- **What this task involves**:
Scan the entries that follow for the word "bathroom", then report every line in which it appears.
[[ Records supplied, beginning ]]
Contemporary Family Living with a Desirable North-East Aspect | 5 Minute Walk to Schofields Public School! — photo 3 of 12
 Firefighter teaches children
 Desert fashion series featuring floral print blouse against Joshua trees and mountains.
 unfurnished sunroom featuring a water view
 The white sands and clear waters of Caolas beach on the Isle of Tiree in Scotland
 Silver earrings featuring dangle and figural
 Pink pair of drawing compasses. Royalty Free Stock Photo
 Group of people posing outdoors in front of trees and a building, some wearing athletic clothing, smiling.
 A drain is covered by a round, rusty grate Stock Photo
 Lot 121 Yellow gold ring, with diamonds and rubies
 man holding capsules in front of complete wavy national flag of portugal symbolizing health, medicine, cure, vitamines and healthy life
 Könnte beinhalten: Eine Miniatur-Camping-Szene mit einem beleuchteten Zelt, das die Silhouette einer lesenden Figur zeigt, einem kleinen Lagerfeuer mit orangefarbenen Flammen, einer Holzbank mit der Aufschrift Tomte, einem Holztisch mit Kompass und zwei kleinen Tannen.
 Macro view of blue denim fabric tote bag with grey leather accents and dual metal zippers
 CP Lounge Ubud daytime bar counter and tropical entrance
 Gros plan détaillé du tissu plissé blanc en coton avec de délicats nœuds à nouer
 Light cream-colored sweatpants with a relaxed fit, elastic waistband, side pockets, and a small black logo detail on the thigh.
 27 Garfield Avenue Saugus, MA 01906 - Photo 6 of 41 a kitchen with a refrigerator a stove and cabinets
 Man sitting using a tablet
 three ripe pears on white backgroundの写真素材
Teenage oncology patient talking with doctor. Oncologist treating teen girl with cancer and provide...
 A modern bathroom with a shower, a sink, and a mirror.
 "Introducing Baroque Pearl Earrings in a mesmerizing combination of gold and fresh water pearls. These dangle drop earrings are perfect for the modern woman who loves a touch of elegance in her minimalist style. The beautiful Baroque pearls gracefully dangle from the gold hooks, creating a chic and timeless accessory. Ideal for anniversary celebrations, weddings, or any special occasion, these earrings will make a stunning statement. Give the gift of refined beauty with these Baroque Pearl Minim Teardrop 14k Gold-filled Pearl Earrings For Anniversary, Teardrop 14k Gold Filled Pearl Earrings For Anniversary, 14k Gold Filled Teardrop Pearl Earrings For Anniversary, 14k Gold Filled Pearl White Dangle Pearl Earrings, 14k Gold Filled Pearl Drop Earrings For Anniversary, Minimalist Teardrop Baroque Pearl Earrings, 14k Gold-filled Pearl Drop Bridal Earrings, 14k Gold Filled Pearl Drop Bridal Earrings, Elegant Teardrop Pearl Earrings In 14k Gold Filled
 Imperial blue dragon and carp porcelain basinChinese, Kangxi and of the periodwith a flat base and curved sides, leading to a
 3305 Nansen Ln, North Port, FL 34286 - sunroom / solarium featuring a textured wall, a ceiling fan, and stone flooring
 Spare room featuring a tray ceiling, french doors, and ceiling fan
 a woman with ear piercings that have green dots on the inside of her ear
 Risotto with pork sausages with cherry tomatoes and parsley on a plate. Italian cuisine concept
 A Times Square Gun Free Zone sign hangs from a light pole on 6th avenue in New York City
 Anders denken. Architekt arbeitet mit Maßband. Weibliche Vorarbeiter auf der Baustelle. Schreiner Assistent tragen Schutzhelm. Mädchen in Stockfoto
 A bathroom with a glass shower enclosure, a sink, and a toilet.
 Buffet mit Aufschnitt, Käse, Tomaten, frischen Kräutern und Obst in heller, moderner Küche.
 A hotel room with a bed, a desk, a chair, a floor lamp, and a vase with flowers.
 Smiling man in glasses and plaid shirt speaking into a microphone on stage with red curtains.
[[ Records supplied, end ]]
- **Result**:
 A modern bathroom with a shower, a sink, and a mirror.
 A bathroom with a glass shower enclosure, a sink, and a toilet.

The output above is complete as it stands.